• Assigned task:
Send back exactly the lines from the opening line of the records below through the one with "Instalatie Electrica Motor".
──────────────────────────────
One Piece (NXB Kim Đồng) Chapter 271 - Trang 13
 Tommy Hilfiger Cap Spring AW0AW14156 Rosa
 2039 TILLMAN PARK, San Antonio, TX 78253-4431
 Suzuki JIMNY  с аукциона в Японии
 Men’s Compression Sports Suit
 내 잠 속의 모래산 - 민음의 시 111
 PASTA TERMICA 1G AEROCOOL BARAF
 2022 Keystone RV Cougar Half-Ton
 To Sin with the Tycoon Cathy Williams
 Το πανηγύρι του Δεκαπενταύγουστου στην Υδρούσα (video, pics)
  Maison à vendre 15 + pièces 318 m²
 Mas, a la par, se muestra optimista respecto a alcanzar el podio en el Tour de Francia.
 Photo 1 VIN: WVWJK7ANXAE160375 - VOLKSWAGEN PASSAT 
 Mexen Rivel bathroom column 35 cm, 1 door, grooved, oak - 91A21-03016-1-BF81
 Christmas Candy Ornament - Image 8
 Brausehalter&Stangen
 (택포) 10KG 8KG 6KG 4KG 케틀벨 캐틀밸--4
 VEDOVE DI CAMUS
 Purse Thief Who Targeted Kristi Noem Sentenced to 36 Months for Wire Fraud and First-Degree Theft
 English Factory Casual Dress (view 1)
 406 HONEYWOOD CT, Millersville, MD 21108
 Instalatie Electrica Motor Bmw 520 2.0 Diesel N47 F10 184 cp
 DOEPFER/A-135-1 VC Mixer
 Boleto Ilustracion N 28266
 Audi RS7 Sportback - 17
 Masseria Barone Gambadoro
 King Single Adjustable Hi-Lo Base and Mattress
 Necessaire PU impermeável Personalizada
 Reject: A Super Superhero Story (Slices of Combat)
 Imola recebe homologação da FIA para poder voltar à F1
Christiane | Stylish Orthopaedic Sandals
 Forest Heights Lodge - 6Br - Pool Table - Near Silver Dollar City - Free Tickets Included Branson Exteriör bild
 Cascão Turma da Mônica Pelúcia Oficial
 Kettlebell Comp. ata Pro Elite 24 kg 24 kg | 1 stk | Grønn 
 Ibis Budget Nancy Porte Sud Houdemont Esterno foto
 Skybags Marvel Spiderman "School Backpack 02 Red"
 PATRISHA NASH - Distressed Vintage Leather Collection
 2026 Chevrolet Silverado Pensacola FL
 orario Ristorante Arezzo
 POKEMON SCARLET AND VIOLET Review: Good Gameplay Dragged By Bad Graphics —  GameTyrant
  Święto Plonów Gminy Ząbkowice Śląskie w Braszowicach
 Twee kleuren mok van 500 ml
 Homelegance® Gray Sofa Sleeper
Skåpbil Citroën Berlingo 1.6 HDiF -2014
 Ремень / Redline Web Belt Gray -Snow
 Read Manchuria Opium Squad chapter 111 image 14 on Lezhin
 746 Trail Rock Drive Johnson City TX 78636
──────────────────────────────
• Task response:
One Piece (NXB Kim Đồng) Chapter 271 - Trang 13
 Tommy Hilfiger Cap Spring AW0AW14156 Rosa
 2039 TILLMAN PARK, San Antonio, TX 78253-4431
 Suzuki JIMNY  с аукциона в Японии
 Men’s Compression Sports Suit
 내 잠 속의 모래산 - 민음의 시 111
 PASTA TERMICA 1G AEROCOOL BARAF
 2022 Keystone RV Cougar Half-Ton
 To Sin with the Tycoon Cathy Williams
 Το πανηγύρι του Δεκαπενταύγουστου στην Υδρούσα (video, pics)
  Maison à vendre 15 + pièces 318 m²
 Mas, a la par, se muestra optimista respecto a alcanzar el podio en el Tour de Francia.
 Photo 1 VIN: WVWJK7ANXAE160375 - VOLKSWAGEN PASSAT 
 Mexen Rivel bathroom column 35 cm, 1 door, grooved, oak - 91A21-03016-1-BF81
 Christmas Candy Ornament - Image 8
 Brausehalter&Stangen
 (택포) 10KG 8KG 6KG 4KG 케틀벨 캐틀밸--4
 VEDOVE DI CAMUS
 Purse Thief Who Targeted Kristi Noem Sentenced to 36 Months for Wire Fraud and First-Degree Theft
 English Factory Casual Dress (view 1)
 406 HONEYWOOD CT, Millersville, MD 21108
 Instalatie Electrica Motor Bmw 520 2.0 Diesel N47 F10 184 cp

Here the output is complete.